Grazie a te Massimo Panio, che non so se ho il piacere di conoscere! Se non fosse così, dal sito o altro indirizzo mi piacerebbe seguire il tuo lavoro.
Poiché di certo sei un lettore estimatore, se apprezzi l’ottima prosa di Cannillo.
La mia poesia è come la mia vita le mie braccia e la mia anima:tentano in un abbraccio stellare ricongiungersi .

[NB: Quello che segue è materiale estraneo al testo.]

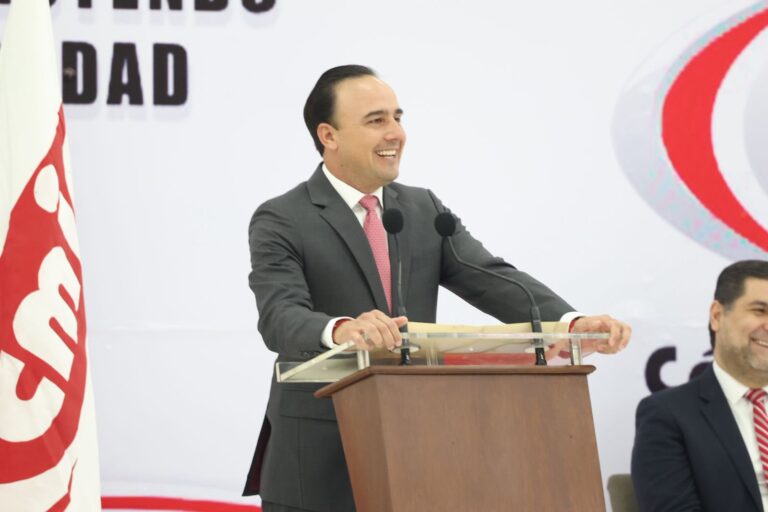 “Ni se les ocurra asomarse en Coahuila”, dice Manolo a sindicatos relacionados con el narco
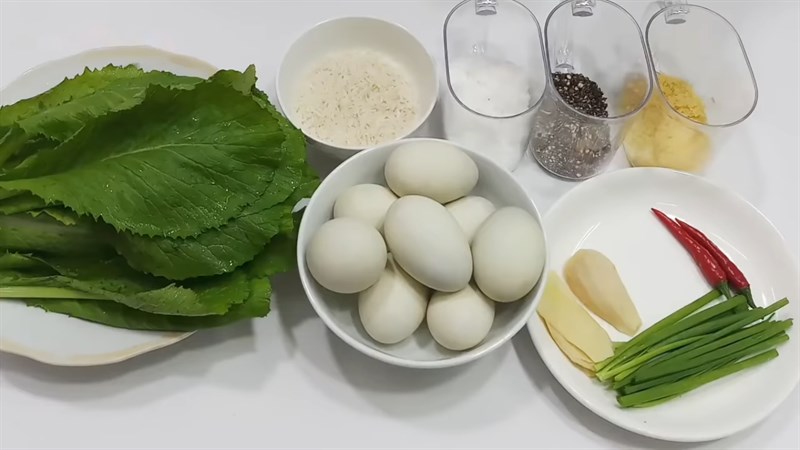 Nguyên liệu món ăn cháo trứng vịt lộn đậu xanh, cháo trứng vịt lộn cải xanh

Ed e’ grazie a lettori che sono mani che ricevono che la corrente continua. Grazie a te. e ti chiedo un referente dove leggerti. Maria Pia Quintavalla
La prosa di Luigi Cannillo si è fatta più acuminata e luminosa, come aVVOLgesse meglio con le parole il disegno intero del poema, o delle poesie e dilatasse i suoi sensi in un oltremondo piu charo a noi, approdati assieme, grazie al disegno della critica sulla stessa sponda, a rileggere quelle parole messaggere di luce nuovamente, una seconda volta.
Maria Pia Quintavalla
Grazie degli apprezzamenti! La lettura critica di un’opera per me deve diventare empatia, simbiosi, interrogazione del testo e di chi lo ha scritto. E direi anche sensibilità di scrittura affinché la nota critica rifletta aspetti dell’opera anche nella modalità di scrittura, nei suoi ritmi e nel lessico. Contrariamente alla critica esperita come fredda vivisezione o catalogo di collezionista.
Preziosa lettura, quella di Cannillo, di una poesia così intensamente femminile, che scaturisce dall’esperienza coinvolgenti della maternità , vissuta attraverso un gioco di specchi in sequenza matrilineare di destini incrociati. Giustamente emozioni, corpo e mente si fondono, lasciando affiorare la specificità di ciascun anello della catena nel vissuto legato alla storia personale, condizionata dalla cultura, dal costume, dai dati caratteriali.
Uno stimolo a leggere con profonda partecipazione anche questa prova poetica di Mariapia Quintavalla.